Bilal Saeed re-arranges “Khair Mangdi”, his hit single which came out a couple of years back and makes some suitable alterations which befits the seeped-in-melancholy lyrics. This stripped down version works much better than the fast paced and high on EDM original track. Honestly, one finds it difficult to differentiate between this track and a few others that artistes from Pakistan have released in the last decade. The song sounds like a pale imitation of the kind of sound thse artistes broth in a decade back and one wonders why did the makers decide to put this track in the film.
Last to arrive is the much publicised promotional track “Kala Chashma”, which is a repackaged avatar of the original track that made waves when it released almost two decades back. Badshah adds his own style while recreating this foot tapping number originally composed by Prem Hardeep. The song might have been a trendsetter when it arrived years back but there has been an overdose of such dance numbers which offer little in terms of originality. Even though one would have liked an original track to be used as a promotional tool, there is no denying that it is a foot tapping number.

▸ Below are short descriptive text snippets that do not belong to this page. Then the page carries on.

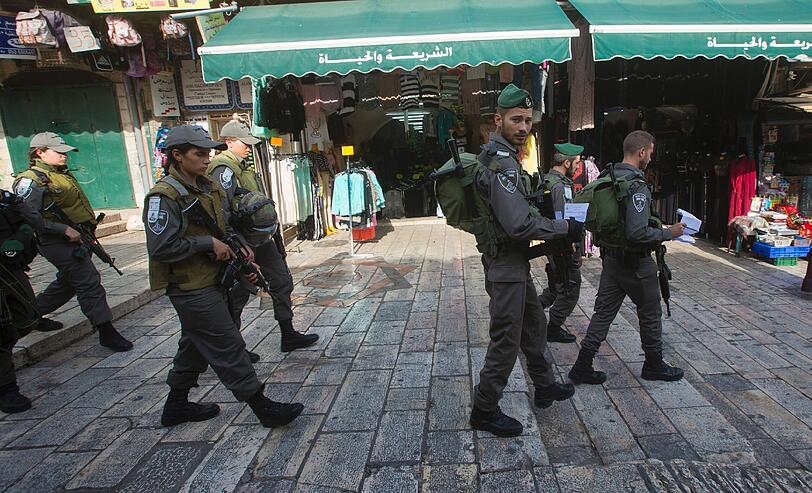 Israelische Polizisten in der Altstadt von Jerusalem.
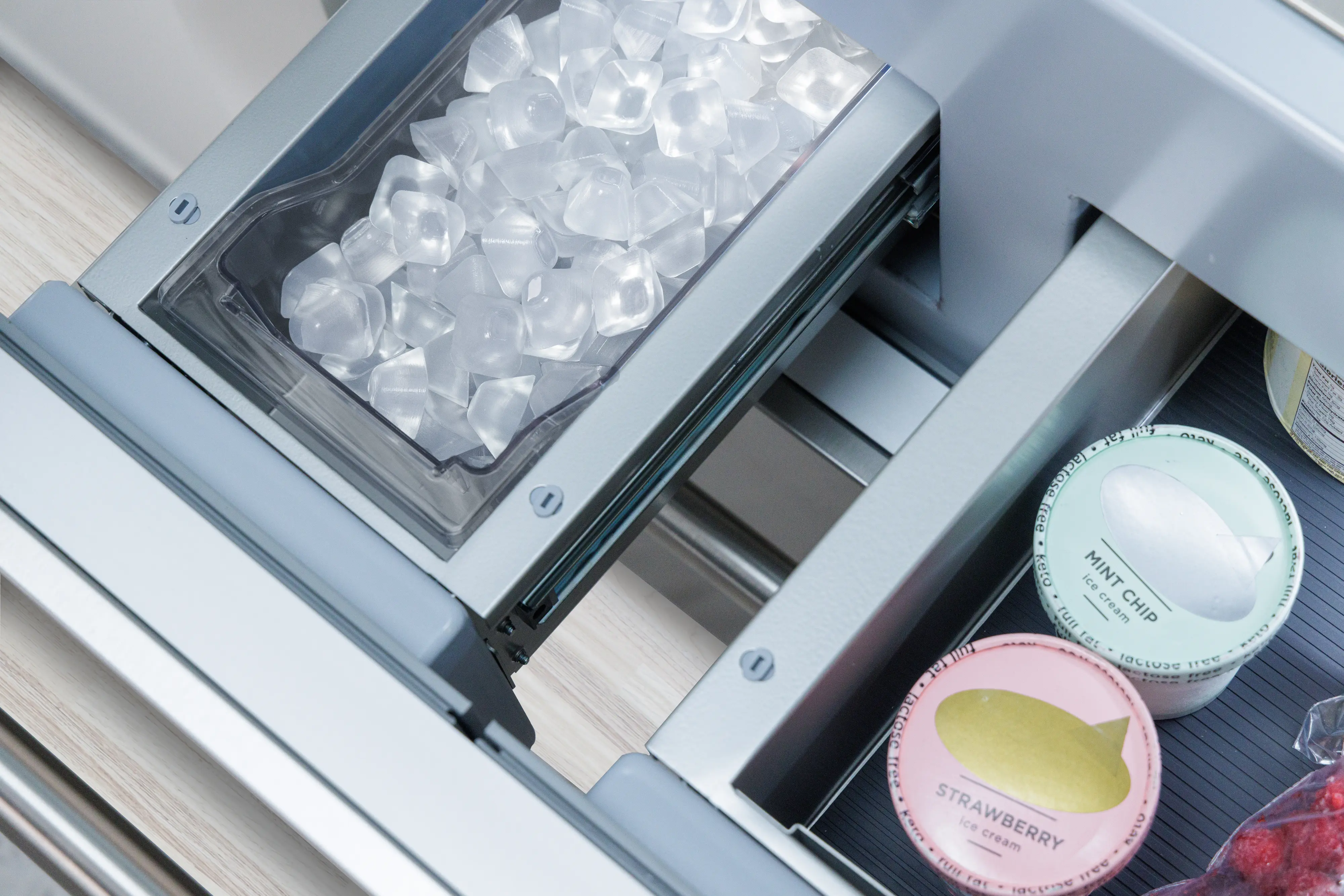 Freedom® Built-in Bottom Freezer 36'' Professional T36BB120SS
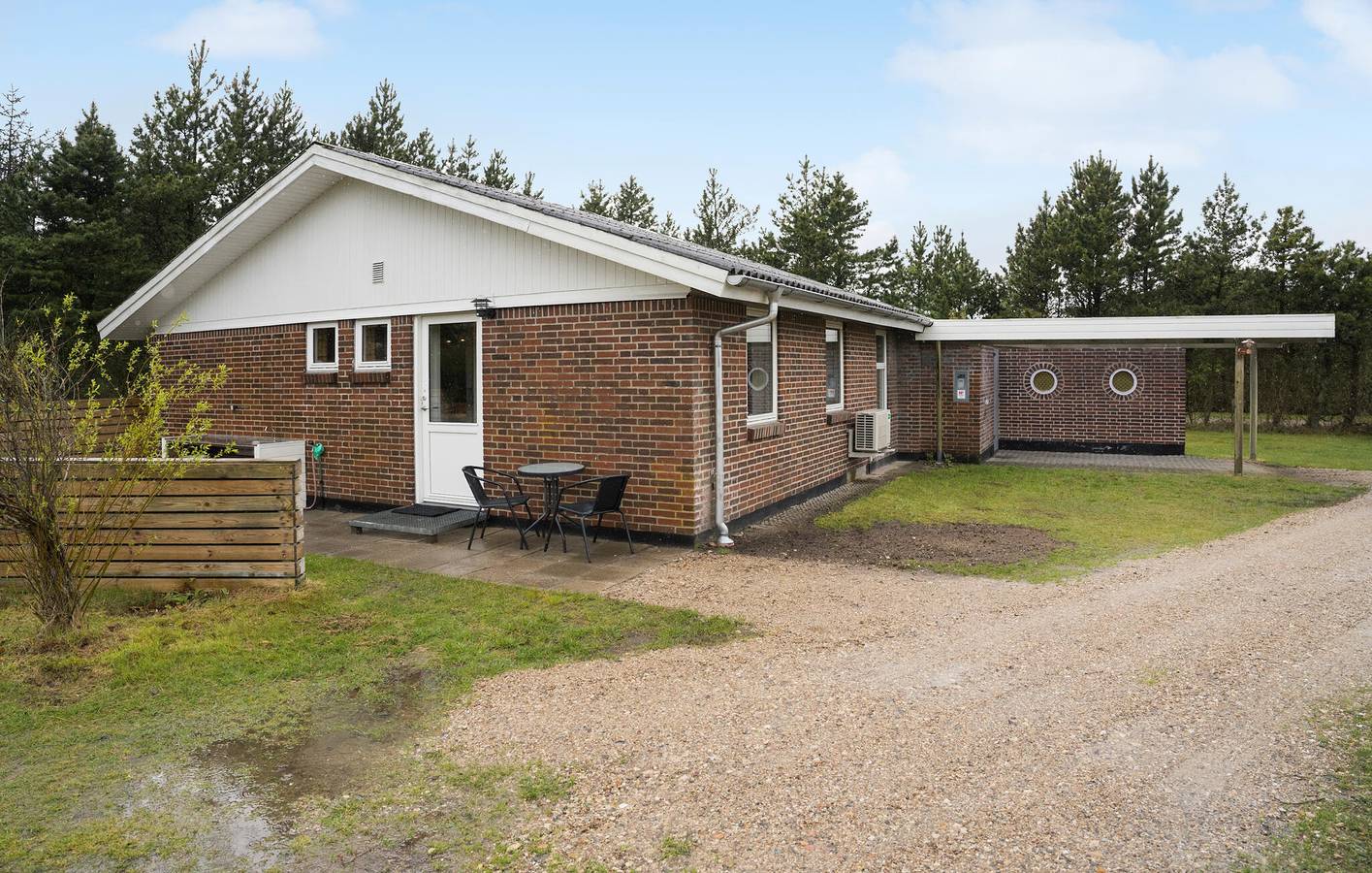 Ferienhaus für 6 Personen mit Terrasse in Stauning, Ringkøbing Fjord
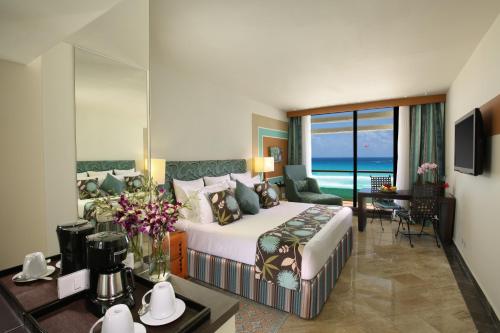 Gallery image of The Pyramid Cancun by Oasis - All Inclusive in Cancún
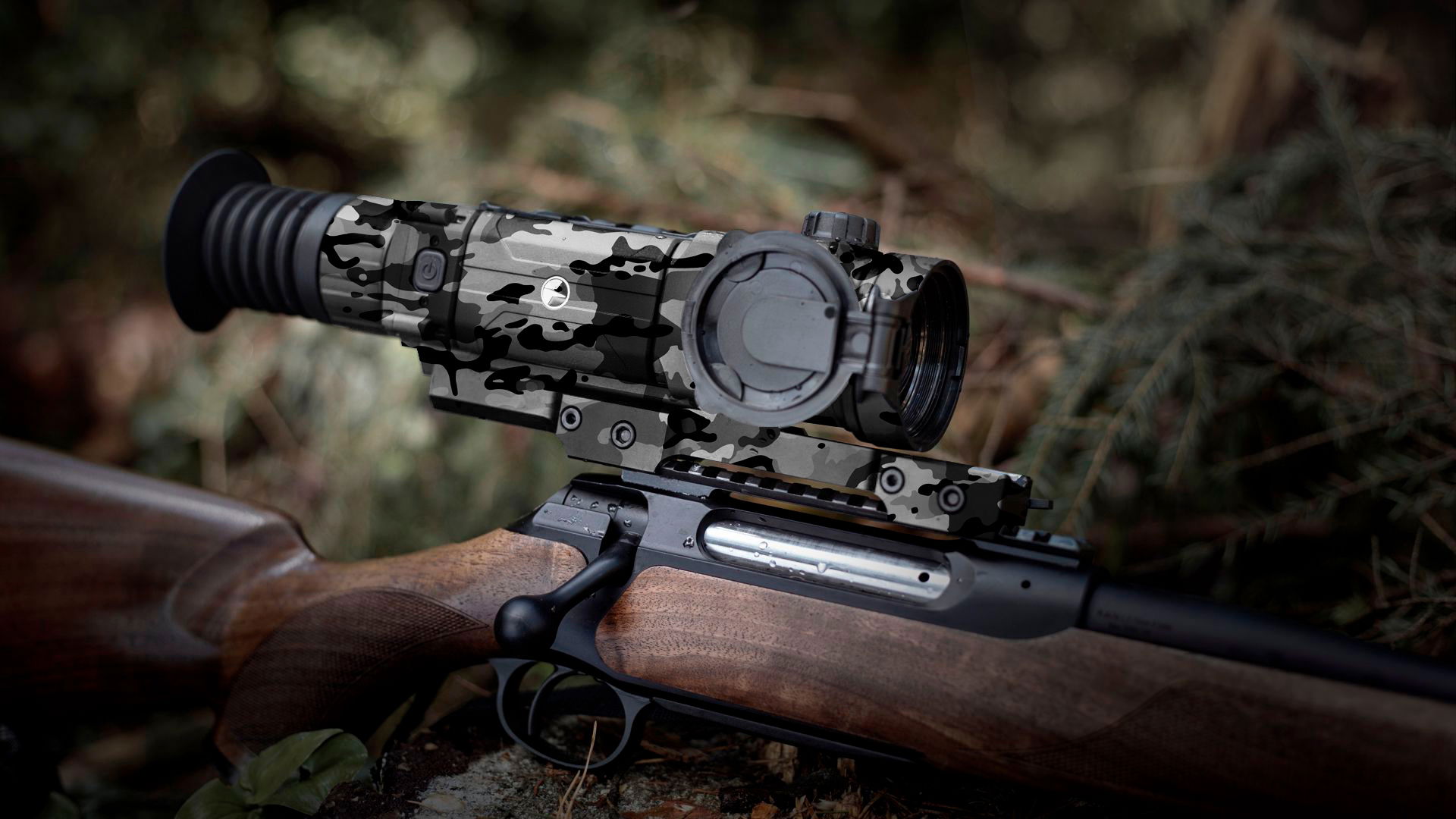 Nachtsichtzielfernrohr mit Camouflage-Design auf einem Jagdgewehr, im Freien abgestellt.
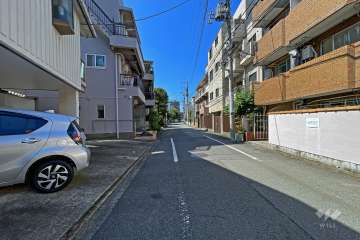 敷地南東側の前面道路（南西側から）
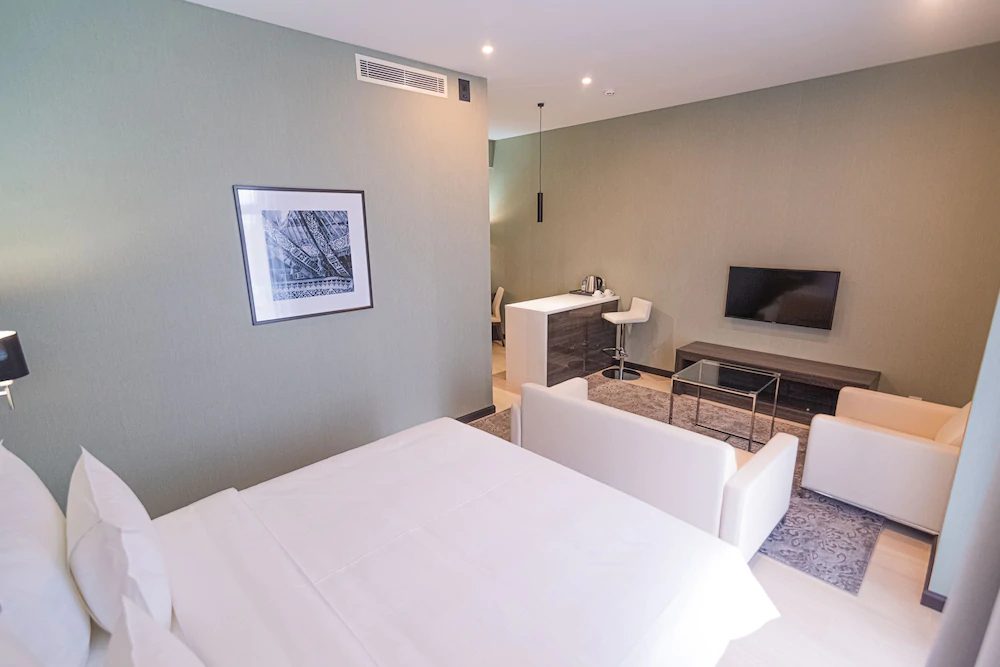 Resident City Hotel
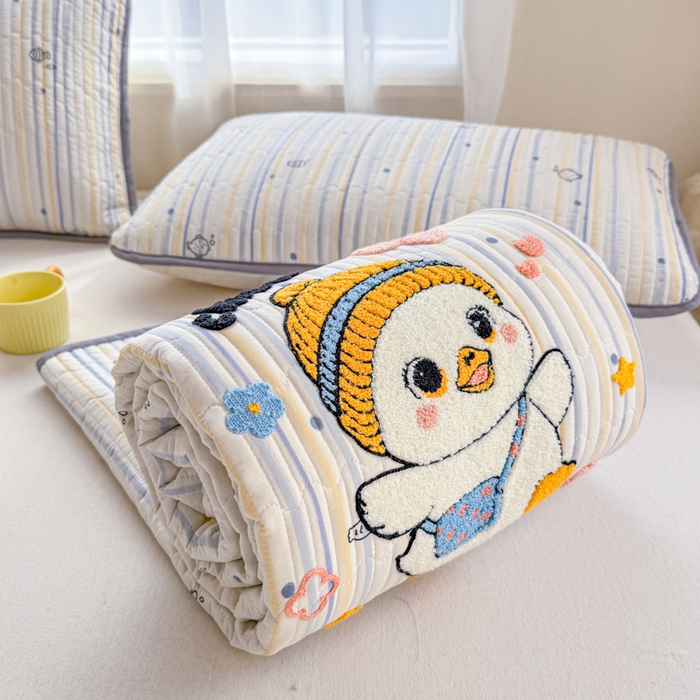 91家纺网 家纺一手货源 找家纺 赛丽雅 2026春夏新款毛巾绣床盖三件套 小鸭鸭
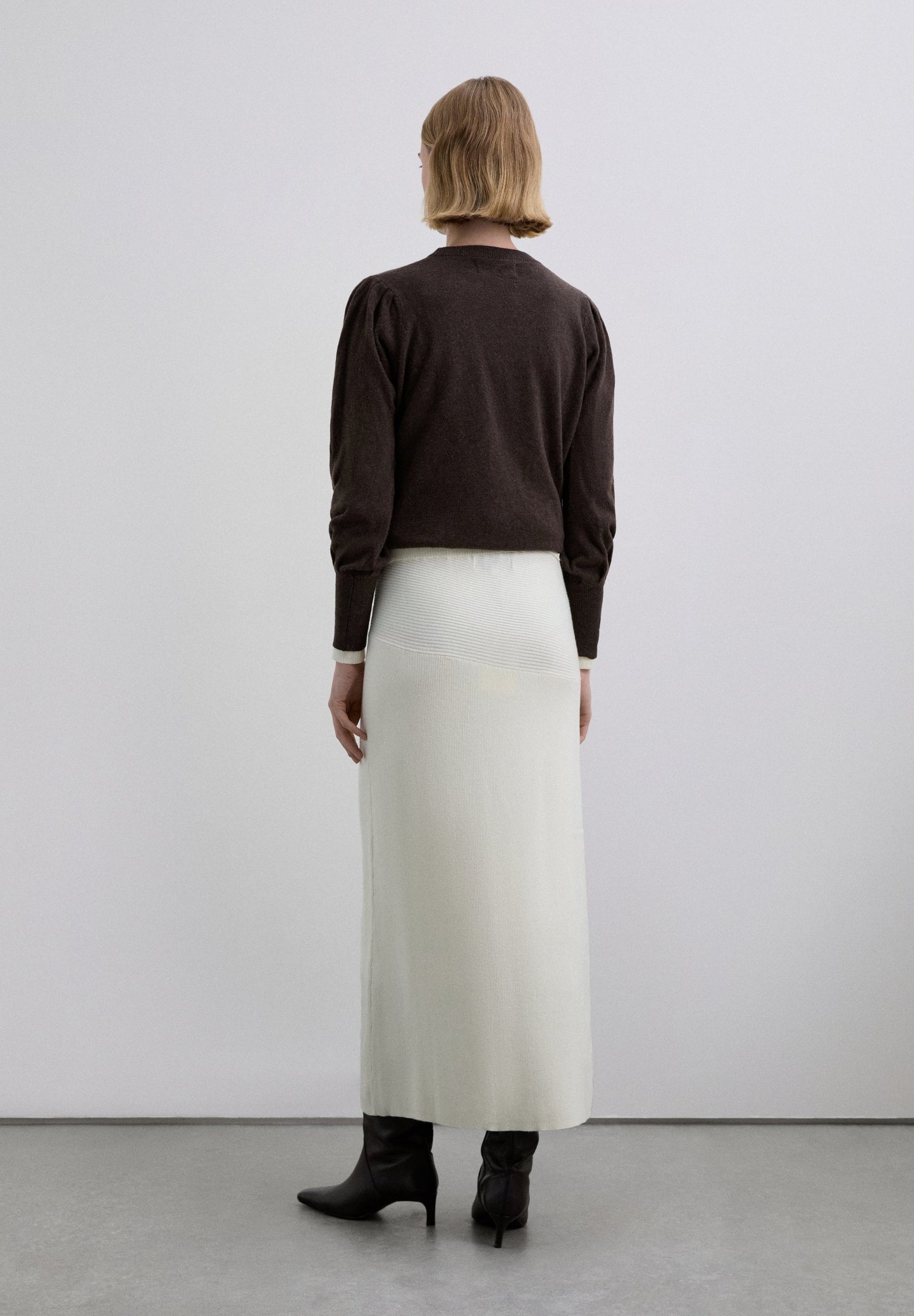 GERIBDE ROK MET SOEPELVALLENDE PASVORM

The fact that the makers of the film sourced already composed tracks from music directors and put them in different junctures in the film is quite evident by the way the album sounds. The songs are of varied quality but not one of them will put you off as a listener. Barring a couple of songs (“Sau Aasman”, “Nachde Ne Saare”), most of the tracks have a somewhat generic quality to them. There is nothing wrong about wanting to have hit numbers in your film but one should put some thought while putting together the soundtrack, so that it, in some way, speaks for the film.